The licensee performed a human performance error review in accordance with station
procedure EN-HU-103 Human Performance Error Reviews, Rev. 6. The review
determined that the condition of the valve not being closed was the result of degraded
plant equipment and not the result of a human performance error.
Additional actions taken by the licensee included: (1) documenting that SF-10 requires a
torque amplifying device to operate in CR-ANO-1-2011-2495, (2) hanging a caution card
on SF-10 stating that a torque amplifying device is required to operate the valve, and
(3) initiating a work request to address the valve condition.

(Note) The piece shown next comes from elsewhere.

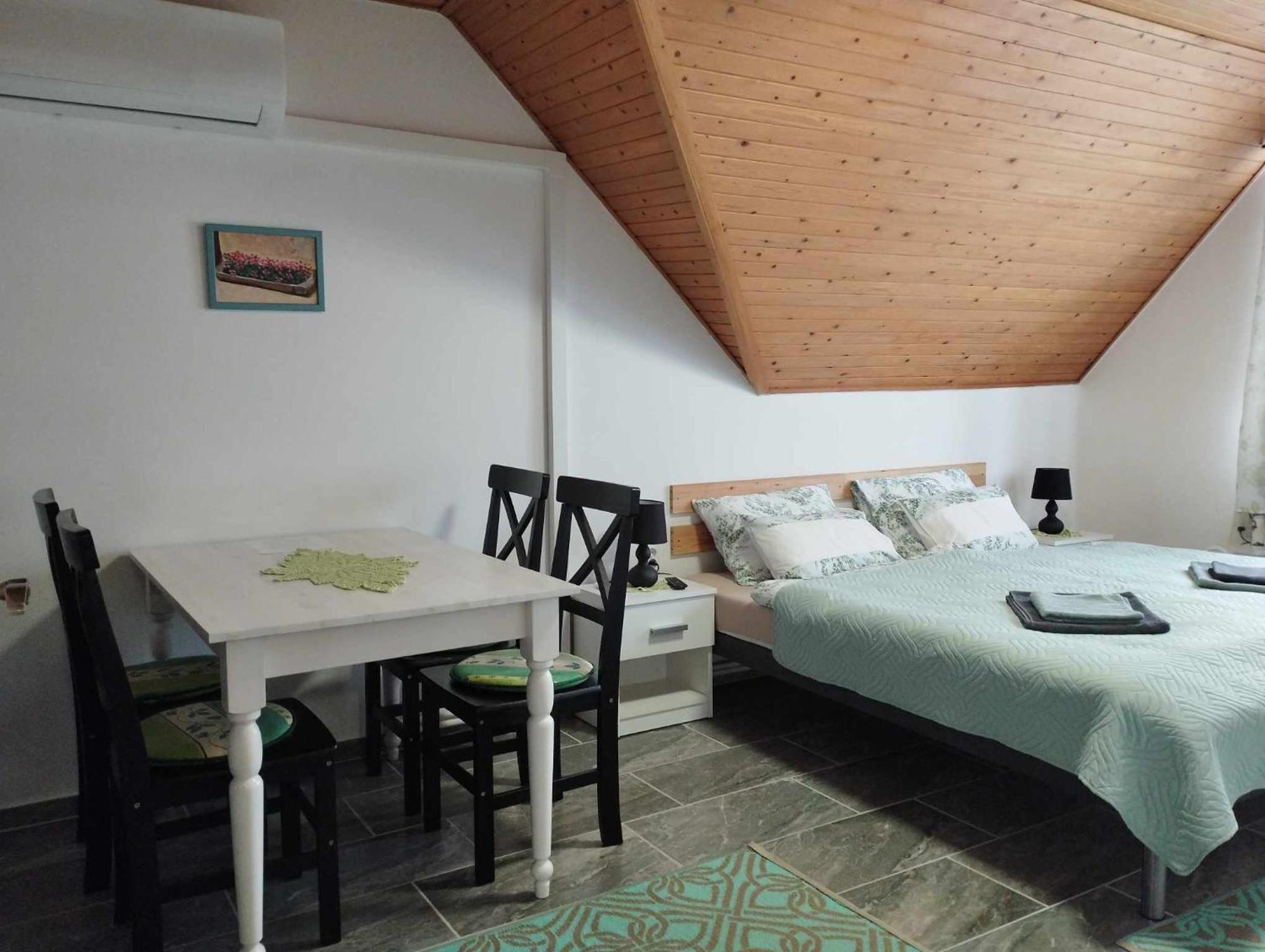 Viola Apartmanhaz Bogács Extérieur photo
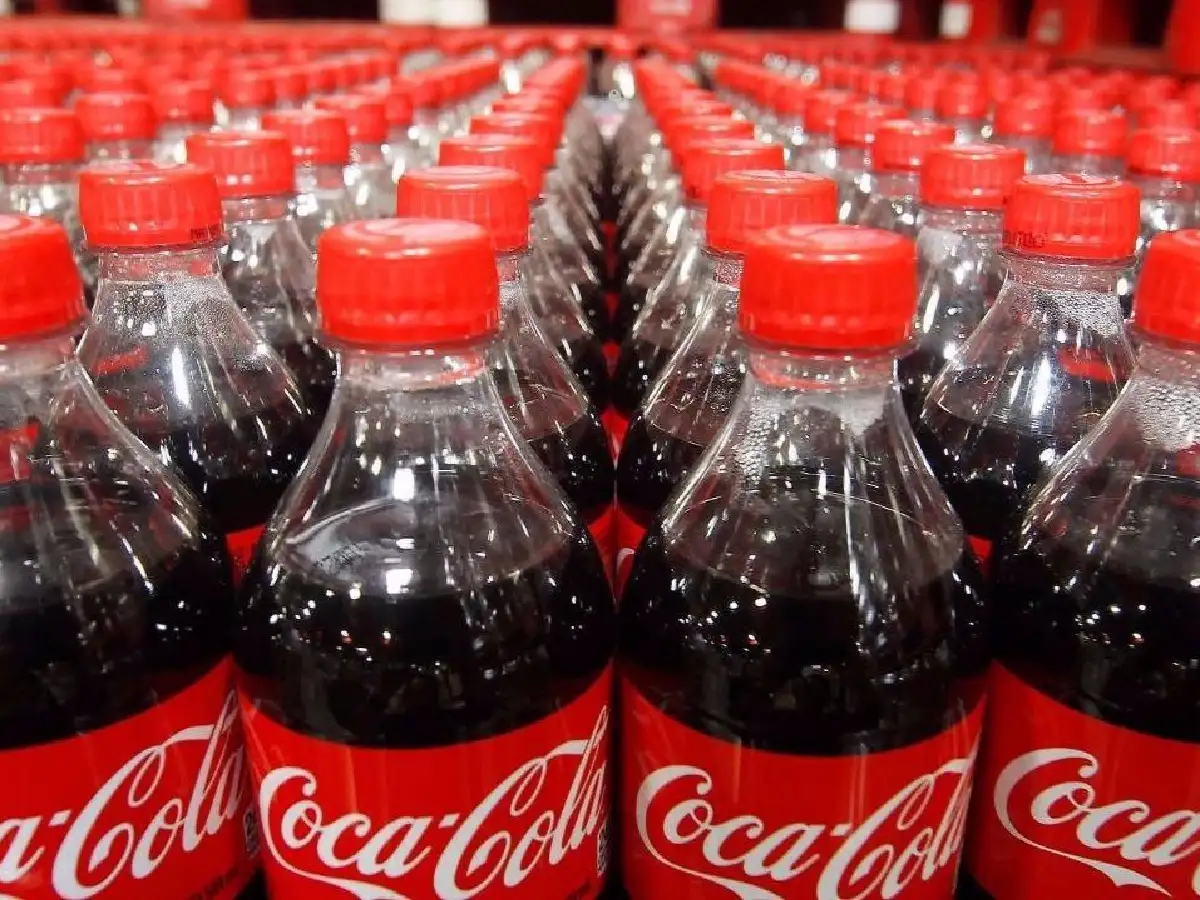 Recibirá más de $100 mil por encontrar un preservativo en una gaseosa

Analysis: The failure of operations personnel to implement the requirements of procedure
OP-1104.006, Spent Fuel Pool Cooling System, Revision 51, and close valve SF-10 is a
performance deficiency. The performance deficiency is more than minor because it was
associated with the configuration control attribute of the Barrier Integrity cornerstone and
adversely affects the cornerstone objective to provide reasonable assurance that physical
design barriers protect the public from radionuclide releases caused by accidents or
events and is therefore a finding. Using Manual Chapter 0609.04, Phase 1 - Initial
Screening and Characterization of Findings, the finding was determined to have very low
safety significance (Green) because the finding did not result in the loss of spent fuel pool
cooling, did not result from fuel handling errors that caused damage to the fuel clad
integrity or a dropped assembly and did not result in a loss of spent fuel pool inventory of
greater than 10 percent of the spent fuel pool volume. The finding was determined to
have a cross-cutting aspect in the area of human performance, associated with the work
control component in that the licensee failed to ensure that work activities to support long
term equipment reliability limited operator work-arounds when a torque amplifying device
was required to shut valve SF-10 H.3(b).
Enforcement: Technical Specification 5.4.1.a states, in part, that written procedures shall
be implemented in accordance with Regulatory Guide 1.33, Revision 2, Appendix A,
February 1978. Section 3.h, of Appendix A, Procedures for Startup, Operation and
Shutdown of Safety-Related PWR Systems, requires procedures for operating the fuel
storage pool purification and cooling system. Station procedure OP-1104.006, Spent
Fuel Cooling System, Revision 51, step 27.2.8.A.1, stated to close valve SF-10 prior to
returning the fuel transfer canal on purification after the completion of filling and venting
spent fuel pool purification filter F-4A. Contrary to the above, valve SF-10 was not
closed prior to placing the fuel transfer canal on purification causing spent fuel pool level
- 31 - Enclosure
to decrease below procedural limits. Because this finding is of very low safety
significance and has been entered into the corrective action program as Condition
Report CR-ANO-1-2011-2498, this violation is being treated as a noncited violation
consistent with Section 2.3.2.a of the NRC Enforcement Policy:
NCV 05000313/2011005-02, Failure to Implement Procedure Results in Lowering Spent
Fuel Pool Level by 0.6 Feet.
(2) Failure to Identify and Correct Unit 1 Service Water Pump Column Protective Wrap
Installation Deficiencies.
Introduction. The inspectors documented a Green, self-revealing, noncited violation of
10 CFR 50 Appendix B, Criterion XVI, Corrective Action, for the licensees failure to
promptly identify and correct a condition adverse to quality associated with degradation
of the protective wrap (brand name - Denso) installed on the Unit 1 service water pump
columns. The Denso protective wrap around the P-4C service water pump suction
column became unraveled and was drawn into the service water pump suction while
running, causing the pump to be secured due to pump discharge strainer high differential
pressure.
Description. On November 15, 2011, during realignment of service water suction from
the emergency cooling pond to the lake intake structure, the control room received a
P-4C service water pump discharge strainer high differential pressure alarm. The alarm
was received immediately after cross connecting the service water bays B and C via
sluice gate 4. The discharge strainer differential pressure rose to at least 25 psid
(maximum reading on the differential pressure instrument) and operations personnel
manually placed the standby P-4B service water pump in service and secured the P-4C
pump. At the time of the event, service water loop I was operable and being supplied
from the P-4A pump and met the technical specification for service water supply for
Unit 1 in Mode 6. Upon investigation, the licensee determined that the Denso protective
wrap applied to the P-4C service water pump column, per Engineering Request,
ER-963315E110 in 2005, had become unraveled and was pulled into the pump suction,
resulting in debris that clogged the pump discharge strainer. The licensee entered the
issue into the corrective action program as Condition Report CR-ANO-1-2011-2843.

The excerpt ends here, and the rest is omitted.